# I made a dubstep beat from presets. I think it turned out to be great!



## Desire Inspires (Jul 2, 2017)

Raw, real, edgy, bold, gritty, visceral, and.........generic. 

Yeah, I just used a bunch of presets and threw this together in about 30 minutes. I just felt like doing a quick and dirty experiment to see if I could make something that resembled dubstep. Not bad when you factor in the cheap sounds and the time spent.

Sometimes I overthink these things and try to put in as much music and production value as possible. But the little quick songs like this can come out to be okay in their own right. No need to be a genius all the time. Just let the songs come together in a simple but effective way.

Plus, look at that cool bird in the picture. That is worth a click or two. I mean, I would click on a song with a cool bird in the picture. Parrots are cool because pirates like them. Parrots and pirates go together like peanut butter and jelly. And who in the world doesn't like pirates? I had a cool pirate costume for Halloween with a parrot attached on my shoulder. I got a lot of candy that year.

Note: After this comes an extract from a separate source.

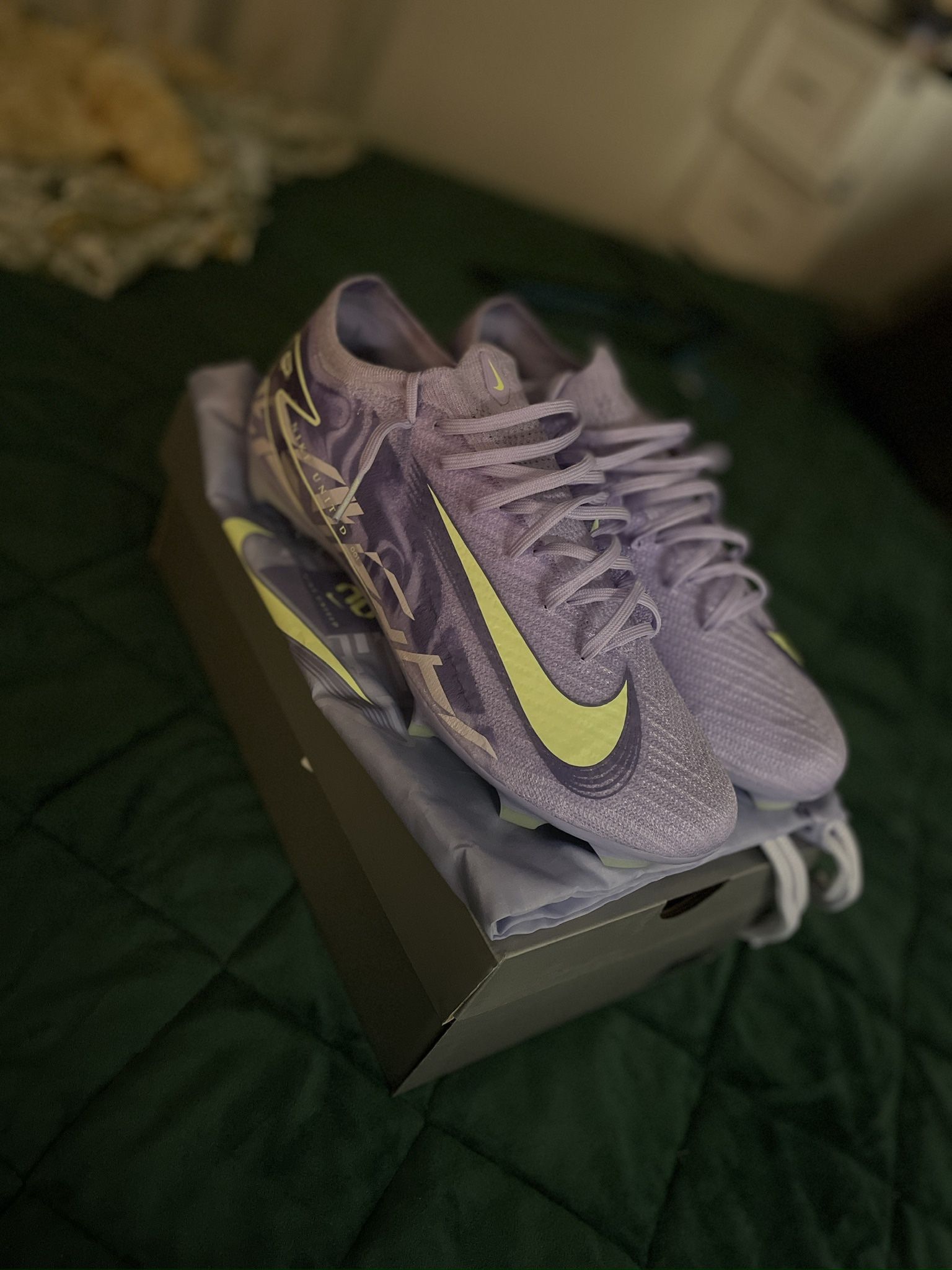 Nike Mercurial Vapor 16 Elites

So forget what everyone says and just make music. Your heart and soul doesn't have to go into every song you make. You should schedule some time to have fun and do some experimentation. And please, save the parrots!!!


----------



## R. Soul (Jul 2, 2017)

It's got a Knife Party 'Bonfire' vibe, which is never a bad thing


----------



## Johann F. (Jul 2, 2017)

No drop, no joy. Better luck next time.

You almost convinced me when you pulled the parrot card. Almost.


----------



## Desire Inspires (Aug 7, 2017)

Drops are so 2007.


----------



## Desire Inspires (Oct 7, 2017)

Bump


----------